I don’t see why this needs to be a stumbling block. Indeed, the purpose is to remove stumbling blocks and make it easier to embrace Jesus and Mary as being “like us” in all things but sin.

I do not view the examples you cite above as racism.

This. :thumbsup::thumbsup:

I do agree with the reality that Jesus and Mary were dark-eyed, dark-skinned and dark-headed.

The claims that the Holy Family had to be dark swarthy people are pretty baseless, since we don’t have any accurate depictions of what they looked like. I’ve seen a surprising number of unusually fair skinned people from the Middle East, plus we don’t know what racial changes may have occured in the last 2000 years. In 2017 it seems it’s ok to depict the Holy Family as anything but fair skinned. I’d say that’s kind of racist.

I think that racism CAN be a barrier to evangelization, but not for any of the reasons you mentioned.

Malcolm X describes how the Black Muslims did a lot of their recruiting of Christians who were exiting their churches on Sunday from Mass or other Christian services. There was a strong element of racism in the recruiting process.

This. I follow several Catholic pages on Facebook, and even some non-Catholic Christian ones, and there’s always one person that goes on a rant about how it’s “racist” to portray Jesus as white. People have commented similarly to the way Malcom X does in the OP (“White man’s God”). I keep pointing out the fact that black congregations will portray Jesus as black, Koreans will portray Him as Korean, etc. They have no problem with that, but the second someone gives Jesus lighter skin…

and what does that have to do with the subject at hand?

That’s an overly simplistic view, though.

The image of a ‘white Jesus’ has been used against POC in western civilizations…there were people who literally believed blacks were not God’s people back in the days. They literally believed in the white man’s God. And people are still hung up on it. Movies/shows also depicts Middle Eastern as white sometimes. The ‘white Jesus’ is now the prototype instead of a culture’s representation. I’m in Asia, and most of us picture him as white. So it makes sense that there would be people who will keep pointing out that it’s likely he didn’t have fair skin or light hair.

I still hold the view that cultures can depict him in the way they want but honestly, a lot of us know how Jesus looks like now and we know people of many races, I don’t see why white Jesus/black etc is still a thing. It would be refreshing to see a Jesus who actually looks Jewish/middle eastern.

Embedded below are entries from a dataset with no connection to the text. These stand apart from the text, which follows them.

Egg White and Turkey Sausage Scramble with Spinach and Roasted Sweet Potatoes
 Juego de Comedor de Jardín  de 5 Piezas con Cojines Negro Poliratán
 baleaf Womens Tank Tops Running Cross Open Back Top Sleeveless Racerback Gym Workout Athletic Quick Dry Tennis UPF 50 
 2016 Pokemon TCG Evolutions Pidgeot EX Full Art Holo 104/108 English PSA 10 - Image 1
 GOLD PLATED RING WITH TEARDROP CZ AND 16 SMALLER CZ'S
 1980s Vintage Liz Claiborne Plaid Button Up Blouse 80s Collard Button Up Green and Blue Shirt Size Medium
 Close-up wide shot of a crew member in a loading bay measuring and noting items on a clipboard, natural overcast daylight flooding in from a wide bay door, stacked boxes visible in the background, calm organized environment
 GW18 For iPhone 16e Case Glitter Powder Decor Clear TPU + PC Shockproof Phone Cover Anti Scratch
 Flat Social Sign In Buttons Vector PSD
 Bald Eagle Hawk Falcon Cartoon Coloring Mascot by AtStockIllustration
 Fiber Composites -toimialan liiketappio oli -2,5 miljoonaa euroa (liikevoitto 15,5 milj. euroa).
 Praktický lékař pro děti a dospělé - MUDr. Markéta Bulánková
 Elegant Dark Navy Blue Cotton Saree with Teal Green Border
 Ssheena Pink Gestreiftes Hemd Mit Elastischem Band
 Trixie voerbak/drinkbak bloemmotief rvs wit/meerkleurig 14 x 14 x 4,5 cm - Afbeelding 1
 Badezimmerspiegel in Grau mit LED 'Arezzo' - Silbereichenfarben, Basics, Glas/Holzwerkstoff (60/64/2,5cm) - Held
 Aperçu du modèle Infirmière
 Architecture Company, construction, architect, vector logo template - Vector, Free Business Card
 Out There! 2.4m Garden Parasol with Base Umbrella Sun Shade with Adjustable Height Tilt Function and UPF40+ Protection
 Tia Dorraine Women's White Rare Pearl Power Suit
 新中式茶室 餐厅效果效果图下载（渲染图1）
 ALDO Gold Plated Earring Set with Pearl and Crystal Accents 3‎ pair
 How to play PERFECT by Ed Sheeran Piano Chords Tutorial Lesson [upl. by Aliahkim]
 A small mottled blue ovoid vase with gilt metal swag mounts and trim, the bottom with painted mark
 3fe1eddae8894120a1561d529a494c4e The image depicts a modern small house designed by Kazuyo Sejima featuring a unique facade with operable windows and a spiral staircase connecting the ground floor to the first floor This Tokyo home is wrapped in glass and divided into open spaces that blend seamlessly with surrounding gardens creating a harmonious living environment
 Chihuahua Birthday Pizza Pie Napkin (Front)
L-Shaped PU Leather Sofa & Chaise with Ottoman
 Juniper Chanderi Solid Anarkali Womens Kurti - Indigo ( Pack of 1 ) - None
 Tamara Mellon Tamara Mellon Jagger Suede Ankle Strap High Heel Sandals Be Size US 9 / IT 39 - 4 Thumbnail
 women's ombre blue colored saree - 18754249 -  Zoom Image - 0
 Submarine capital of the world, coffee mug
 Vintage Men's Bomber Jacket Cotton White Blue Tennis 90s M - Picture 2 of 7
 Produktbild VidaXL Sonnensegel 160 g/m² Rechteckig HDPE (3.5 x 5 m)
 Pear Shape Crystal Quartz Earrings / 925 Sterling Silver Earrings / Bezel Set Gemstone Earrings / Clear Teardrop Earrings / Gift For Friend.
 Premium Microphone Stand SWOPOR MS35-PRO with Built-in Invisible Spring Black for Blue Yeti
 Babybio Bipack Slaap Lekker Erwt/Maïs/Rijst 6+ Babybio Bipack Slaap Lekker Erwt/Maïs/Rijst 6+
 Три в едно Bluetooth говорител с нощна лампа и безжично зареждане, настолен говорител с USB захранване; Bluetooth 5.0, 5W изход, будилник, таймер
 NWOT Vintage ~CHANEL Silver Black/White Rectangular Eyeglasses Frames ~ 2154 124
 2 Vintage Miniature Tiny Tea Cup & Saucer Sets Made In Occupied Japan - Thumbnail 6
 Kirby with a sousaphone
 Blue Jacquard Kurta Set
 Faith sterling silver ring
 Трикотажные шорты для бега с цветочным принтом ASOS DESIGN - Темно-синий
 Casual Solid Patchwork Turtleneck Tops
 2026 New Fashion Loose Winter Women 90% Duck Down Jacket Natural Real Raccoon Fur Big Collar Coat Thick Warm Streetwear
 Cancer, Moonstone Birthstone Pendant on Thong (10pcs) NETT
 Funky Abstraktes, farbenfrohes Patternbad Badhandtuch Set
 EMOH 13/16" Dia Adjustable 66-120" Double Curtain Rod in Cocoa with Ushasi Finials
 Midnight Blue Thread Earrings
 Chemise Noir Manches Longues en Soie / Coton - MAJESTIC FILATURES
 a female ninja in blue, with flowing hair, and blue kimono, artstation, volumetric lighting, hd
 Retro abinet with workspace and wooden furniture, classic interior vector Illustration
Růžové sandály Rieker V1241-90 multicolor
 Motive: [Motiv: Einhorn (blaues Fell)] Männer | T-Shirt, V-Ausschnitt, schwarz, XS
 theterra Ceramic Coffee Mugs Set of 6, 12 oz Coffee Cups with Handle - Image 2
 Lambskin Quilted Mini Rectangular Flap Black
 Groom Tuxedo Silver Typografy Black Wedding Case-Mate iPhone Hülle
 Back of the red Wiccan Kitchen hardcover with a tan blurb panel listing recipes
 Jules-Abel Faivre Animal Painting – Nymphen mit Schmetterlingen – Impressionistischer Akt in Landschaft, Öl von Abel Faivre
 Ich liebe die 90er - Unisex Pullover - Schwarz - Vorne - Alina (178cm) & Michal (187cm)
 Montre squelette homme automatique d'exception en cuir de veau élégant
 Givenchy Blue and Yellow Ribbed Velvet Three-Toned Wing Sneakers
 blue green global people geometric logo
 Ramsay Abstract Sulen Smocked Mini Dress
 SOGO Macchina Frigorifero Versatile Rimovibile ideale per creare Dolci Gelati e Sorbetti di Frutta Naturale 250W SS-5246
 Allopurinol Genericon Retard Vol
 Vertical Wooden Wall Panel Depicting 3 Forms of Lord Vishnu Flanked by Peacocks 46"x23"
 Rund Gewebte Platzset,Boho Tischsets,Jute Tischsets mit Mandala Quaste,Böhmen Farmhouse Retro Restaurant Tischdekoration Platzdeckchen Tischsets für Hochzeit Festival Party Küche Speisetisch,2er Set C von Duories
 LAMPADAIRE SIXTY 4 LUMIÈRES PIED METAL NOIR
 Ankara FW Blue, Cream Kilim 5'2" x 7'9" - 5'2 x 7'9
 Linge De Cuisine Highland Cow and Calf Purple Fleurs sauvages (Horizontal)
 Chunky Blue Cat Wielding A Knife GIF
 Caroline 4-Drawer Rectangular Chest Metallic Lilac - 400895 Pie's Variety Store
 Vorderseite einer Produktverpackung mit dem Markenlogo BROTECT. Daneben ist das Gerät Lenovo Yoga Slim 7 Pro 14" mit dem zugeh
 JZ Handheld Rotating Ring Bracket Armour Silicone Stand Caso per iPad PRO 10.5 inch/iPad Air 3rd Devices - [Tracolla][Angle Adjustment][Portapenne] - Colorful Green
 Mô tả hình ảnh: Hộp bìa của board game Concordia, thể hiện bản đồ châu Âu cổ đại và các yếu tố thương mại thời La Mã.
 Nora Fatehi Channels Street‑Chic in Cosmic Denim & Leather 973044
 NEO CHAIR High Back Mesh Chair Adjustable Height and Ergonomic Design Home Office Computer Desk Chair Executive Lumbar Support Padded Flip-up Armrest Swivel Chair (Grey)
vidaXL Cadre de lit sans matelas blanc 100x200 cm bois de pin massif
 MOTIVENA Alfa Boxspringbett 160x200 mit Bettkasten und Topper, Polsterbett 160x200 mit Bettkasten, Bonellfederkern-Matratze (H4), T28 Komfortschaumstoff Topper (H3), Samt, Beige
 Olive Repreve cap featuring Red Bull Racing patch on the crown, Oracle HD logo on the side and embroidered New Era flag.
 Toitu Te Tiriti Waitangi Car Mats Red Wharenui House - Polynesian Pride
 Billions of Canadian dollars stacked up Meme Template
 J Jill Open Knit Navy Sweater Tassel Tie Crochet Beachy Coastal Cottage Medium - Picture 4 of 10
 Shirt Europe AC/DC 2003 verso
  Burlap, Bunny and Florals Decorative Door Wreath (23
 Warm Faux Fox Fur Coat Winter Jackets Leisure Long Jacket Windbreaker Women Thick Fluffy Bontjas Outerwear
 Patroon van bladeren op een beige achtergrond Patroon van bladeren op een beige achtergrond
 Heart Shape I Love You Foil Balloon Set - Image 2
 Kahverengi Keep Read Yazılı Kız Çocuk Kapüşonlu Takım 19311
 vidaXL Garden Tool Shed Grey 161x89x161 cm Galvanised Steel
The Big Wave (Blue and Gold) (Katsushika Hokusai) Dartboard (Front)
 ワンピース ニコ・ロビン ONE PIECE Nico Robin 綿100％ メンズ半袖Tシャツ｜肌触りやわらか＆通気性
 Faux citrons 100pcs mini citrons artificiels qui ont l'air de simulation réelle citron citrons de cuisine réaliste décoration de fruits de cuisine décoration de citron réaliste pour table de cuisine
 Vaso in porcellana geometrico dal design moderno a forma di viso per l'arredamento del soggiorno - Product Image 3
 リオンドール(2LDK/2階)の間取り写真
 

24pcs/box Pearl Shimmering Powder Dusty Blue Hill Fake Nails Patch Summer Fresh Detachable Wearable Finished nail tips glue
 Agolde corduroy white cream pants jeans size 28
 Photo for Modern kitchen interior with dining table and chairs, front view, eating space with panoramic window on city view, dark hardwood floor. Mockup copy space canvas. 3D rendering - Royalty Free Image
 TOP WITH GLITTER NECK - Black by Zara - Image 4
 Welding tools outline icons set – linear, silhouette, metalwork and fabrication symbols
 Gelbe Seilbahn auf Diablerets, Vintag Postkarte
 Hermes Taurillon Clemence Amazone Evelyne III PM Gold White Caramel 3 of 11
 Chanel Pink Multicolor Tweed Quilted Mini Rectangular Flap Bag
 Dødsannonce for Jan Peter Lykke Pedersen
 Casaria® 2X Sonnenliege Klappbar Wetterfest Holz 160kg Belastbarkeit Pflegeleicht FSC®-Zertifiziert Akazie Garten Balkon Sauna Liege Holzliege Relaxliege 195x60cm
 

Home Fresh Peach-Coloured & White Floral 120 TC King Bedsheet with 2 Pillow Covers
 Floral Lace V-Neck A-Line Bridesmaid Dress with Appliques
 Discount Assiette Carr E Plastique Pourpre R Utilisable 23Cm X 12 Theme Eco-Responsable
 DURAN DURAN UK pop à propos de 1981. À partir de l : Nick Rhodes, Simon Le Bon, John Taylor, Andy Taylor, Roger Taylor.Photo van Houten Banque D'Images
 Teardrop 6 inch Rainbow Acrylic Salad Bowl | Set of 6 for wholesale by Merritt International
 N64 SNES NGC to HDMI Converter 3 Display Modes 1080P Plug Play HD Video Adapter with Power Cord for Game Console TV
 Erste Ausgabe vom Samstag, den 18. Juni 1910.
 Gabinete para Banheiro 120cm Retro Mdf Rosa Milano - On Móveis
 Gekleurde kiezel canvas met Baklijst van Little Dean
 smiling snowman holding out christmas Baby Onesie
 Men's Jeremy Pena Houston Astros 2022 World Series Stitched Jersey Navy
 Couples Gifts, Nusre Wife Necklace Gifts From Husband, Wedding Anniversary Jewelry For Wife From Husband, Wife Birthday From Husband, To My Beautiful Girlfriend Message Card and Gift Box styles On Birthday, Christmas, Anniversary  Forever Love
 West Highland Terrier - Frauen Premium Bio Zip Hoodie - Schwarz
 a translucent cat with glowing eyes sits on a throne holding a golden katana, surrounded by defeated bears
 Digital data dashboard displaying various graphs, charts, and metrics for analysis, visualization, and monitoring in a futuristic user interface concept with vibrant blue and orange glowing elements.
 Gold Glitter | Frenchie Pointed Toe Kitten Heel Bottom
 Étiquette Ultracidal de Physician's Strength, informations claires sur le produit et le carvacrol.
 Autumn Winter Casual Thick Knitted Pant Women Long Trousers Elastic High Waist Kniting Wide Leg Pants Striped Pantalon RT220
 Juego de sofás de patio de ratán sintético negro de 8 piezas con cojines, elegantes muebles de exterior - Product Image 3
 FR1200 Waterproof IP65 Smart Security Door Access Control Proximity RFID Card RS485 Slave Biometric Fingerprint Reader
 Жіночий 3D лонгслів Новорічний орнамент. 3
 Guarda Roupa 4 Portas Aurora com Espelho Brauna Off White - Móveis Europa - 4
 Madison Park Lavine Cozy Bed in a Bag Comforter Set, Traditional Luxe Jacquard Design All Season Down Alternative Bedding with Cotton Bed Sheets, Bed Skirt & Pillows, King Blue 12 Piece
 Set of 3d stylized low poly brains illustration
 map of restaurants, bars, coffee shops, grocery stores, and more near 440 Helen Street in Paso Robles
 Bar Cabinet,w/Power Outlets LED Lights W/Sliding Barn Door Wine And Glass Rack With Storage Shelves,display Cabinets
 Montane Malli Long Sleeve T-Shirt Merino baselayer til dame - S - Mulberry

But this is a little out of point. Racism is a barrier, for sure, but not because Jesus’s race is represented differently by other people. IMO I think politics is the main barrier rn. Abortion, SSM, immigration, BLM, government handouts etc are very divisive issues. I know most people associate republicans with Christians so when they disagree with say, healthcare, they think Christians are not as loving as they claim to be.

Or when conservatives bash on BLM, for those who support it, they view them as White Christians instead of just ‘conservatives’. You can call yourself a non-racist Republican, but most people on the left would think you are contradicting yourself. Which is why I think politics is the main issue at hand here.

Here’s how St Mark’s (Egyptian) Coptic Church in suburban Chicago depicts Jesus and the Apostles stmarkchicago.org/

Typically the representations reflect the culture. Malcolm X lived at a time when 90% of the country he resided in was white.

However, parts of the Middle East and Africa were Christian LONG before much of Europe and by extension Oceania & North America were.

If one’s main argument against Christianity is that it’s a “white man’s” religion, it fails on all fronts and shows whatever one is arguing for has not much merit.

One of the bigger problems lately is that race is now the new golden calf for a lot of Americans.